Yaklaşık bir sene önce okuyucusuyla buluşan fakat pandemi nedeniyle ertelenmiş olan Karadut romanının lansmanı, geçtiğimiz akşam (14 Aralık) UKKSA’da düzenlenen etkinlikle gerçekleştirildi. İSTANBUL (İGFA)- Müzik dinletisinin de yer al...
Yaklaşık bir sene önce okuyucusuyla buluşan fakat pandemi nedeniyle ertelenmiş olan Karadut romanının lansmanı, geçtiğimiz akşam (14 Aralık) UKKSA’da düzenlenen etkinlikle gerçekleştirildi.

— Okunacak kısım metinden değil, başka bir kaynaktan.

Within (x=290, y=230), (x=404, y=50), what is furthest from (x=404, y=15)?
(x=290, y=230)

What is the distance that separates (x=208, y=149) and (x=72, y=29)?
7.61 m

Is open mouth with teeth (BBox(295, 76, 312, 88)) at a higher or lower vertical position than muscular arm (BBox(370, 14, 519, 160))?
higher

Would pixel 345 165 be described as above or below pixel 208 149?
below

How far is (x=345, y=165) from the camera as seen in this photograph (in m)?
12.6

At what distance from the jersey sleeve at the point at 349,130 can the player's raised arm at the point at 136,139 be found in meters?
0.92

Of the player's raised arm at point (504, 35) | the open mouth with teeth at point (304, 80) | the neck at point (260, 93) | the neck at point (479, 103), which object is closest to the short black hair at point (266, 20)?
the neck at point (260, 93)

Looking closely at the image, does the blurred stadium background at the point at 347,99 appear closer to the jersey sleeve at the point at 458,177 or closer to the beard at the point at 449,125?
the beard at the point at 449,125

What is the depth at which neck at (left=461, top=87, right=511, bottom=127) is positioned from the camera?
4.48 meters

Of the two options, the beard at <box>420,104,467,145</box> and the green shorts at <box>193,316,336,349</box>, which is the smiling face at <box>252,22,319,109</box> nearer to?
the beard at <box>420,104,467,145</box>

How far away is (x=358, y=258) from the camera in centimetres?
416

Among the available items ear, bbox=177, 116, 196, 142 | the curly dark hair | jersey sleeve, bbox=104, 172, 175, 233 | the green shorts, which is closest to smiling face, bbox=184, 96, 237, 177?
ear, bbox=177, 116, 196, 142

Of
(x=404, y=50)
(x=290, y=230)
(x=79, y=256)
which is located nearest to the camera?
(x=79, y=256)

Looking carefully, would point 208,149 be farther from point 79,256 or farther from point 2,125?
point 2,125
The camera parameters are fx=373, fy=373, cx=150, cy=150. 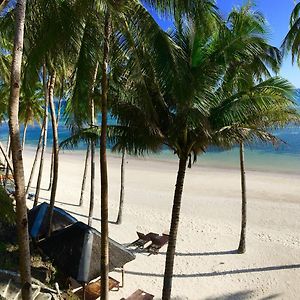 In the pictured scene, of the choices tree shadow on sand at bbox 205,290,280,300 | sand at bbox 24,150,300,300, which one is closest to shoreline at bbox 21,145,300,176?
sand at bbox 24,150,300,300

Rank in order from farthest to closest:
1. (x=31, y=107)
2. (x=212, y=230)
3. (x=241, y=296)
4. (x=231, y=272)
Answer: (x=31, y=107)
(x=212, y=230)
(x=231, y=272)
(x=241, y=296)

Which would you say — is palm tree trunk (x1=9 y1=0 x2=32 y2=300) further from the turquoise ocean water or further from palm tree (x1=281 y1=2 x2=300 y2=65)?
the turquoise ocean water

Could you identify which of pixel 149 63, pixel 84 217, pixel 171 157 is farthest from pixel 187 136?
pixel 171 157

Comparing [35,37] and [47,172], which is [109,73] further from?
[47,172]

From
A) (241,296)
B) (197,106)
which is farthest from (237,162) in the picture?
(197,106)

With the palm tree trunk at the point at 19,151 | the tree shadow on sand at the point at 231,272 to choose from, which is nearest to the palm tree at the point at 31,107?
the tree shadow on sand at the point at 231,272

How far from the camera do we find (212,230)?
613 inches

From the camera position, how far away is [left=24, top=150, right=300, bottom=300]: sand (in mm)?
10758

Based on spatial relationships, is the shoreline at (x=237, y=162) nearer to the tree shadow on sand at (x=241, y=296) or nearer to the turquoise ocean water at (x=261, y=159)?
the turquoise ocean water at (x=261, y=159)

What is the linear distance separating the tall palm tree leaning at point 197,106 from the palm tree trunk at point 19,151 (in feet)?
9.07

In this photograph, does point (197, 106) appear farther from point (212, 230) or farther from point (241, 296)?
point (212, 230)

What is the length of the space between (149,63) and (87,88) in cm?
136

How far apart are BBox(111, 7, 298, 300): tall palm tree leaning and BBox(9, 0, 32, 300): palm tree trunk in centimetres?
276

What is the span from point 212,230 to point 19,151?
12.0 m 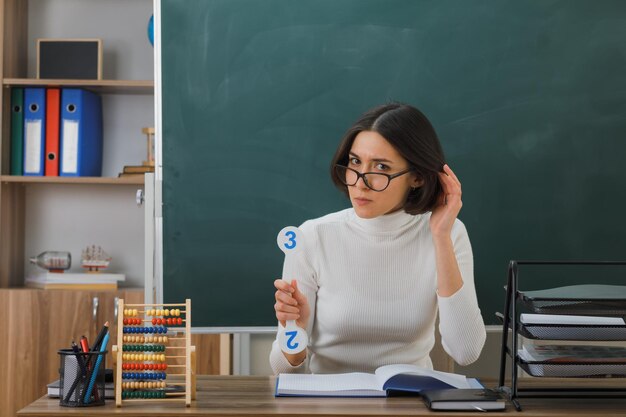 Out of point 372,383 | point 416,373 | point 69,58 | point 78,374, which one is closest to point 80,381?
point 78,374

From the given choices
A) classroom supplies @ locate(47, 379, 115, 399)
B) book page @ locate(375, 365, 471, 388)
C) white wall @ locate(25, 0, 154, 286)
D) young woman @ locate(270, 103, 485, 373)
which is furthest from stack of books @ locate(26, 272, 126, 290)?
book page @ locate(375, 365, 471, 388)

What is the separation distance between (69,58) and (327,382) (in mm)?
2331

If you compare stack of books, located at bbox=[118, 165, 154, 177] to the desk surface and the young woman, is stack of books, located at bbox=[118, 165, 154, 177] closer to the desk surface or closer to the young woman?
the young woman

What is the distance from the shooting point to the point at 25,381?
343cm

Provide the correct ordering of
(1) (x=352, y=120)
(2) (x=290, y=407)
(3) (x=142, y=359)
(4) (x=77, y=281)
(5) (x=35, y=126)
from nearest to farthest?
(2) (x=290, y=407) → (3) (x=142, y=359) → (1) (x=352, y=120) → (4) (x=77, y=281) → (5) (x=35, y=126)

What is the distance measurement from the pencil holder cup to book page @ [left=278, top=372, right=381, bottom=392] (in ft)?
1.23

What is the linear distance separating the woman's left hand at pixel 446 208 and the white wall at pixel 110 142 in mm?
2046

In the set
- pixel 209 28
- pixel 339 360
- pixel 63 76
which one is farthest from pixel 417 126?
pixel 63 76

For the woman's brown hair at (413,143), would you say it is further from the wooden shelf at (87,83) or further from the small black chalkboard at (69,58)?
the small black chalkboard at (69,58)

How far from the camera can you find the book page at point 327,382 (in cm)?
177

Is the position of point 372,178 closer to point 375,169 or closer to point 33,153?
point 375,169

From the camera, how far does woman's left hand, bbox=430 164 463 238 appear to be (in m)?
2.05

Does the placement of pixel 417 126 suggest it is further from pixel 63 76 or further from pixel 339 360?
pixel 63 76

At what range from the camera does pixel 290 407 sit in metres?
1.63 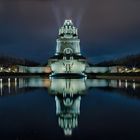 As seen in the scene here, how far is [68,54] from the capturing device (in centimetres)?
12438

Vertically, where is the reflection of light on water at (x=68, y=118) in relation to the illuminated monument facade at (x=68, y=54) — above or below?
below

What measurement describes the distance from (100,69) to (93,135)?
4504 inches

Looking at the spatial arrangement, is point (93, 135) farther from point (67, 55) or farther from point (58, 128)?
point (67, 55)

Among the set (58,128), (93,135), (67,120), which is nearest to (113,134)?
(93,135)

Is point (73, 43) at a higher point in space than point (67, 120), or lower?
higher

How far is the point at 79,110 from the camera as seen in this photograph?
51.2ft

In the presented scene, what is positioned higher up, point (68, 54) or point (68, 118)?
point (68, 54)

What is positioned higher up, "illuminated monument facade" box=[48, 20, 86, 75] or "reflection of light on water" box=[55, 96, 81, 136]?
"illuminated monument facade" box=[48, 20, 86, 75]

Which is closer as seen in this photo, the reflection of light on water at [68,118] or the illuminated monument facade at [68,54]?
the reflection of light on water at [68,118]

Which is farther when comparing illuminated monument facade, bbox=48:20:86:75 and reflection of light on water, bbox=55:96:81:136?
illuminated monument facade, bbox=48:20:86:75

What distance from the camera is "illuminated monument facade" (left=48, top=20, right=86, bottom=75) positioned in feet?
390

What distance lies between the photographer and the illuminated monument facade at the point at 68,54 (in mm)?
118812

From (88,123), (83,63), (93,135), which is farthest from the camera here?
(83,63)

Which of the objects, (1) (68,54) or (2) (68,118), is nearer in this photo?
(2) (68,118)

İSTANBUL (İGFA)- Müzik dinletisinin de yer aldığı gecede romanın editörü şair Mustafa Köz, Bedri Rahmi Eyüboğlu’nun Mari’ye yazdığı şiirleri okudu. Karadut’un yolculuğu hakkında söyleşi yapan yazarlar, Mari Gerekmezyan’ın hikayesiyle yollarının nasıl kesiştiğini, dönemin ünlü şairlerini, sanatçılarını hikâyeye eklerken duydukları heyecanı, kitabı yazarken yaşadıkları zorlukları, bu hikâyenin onları nasıl etkilediğini anlattılar.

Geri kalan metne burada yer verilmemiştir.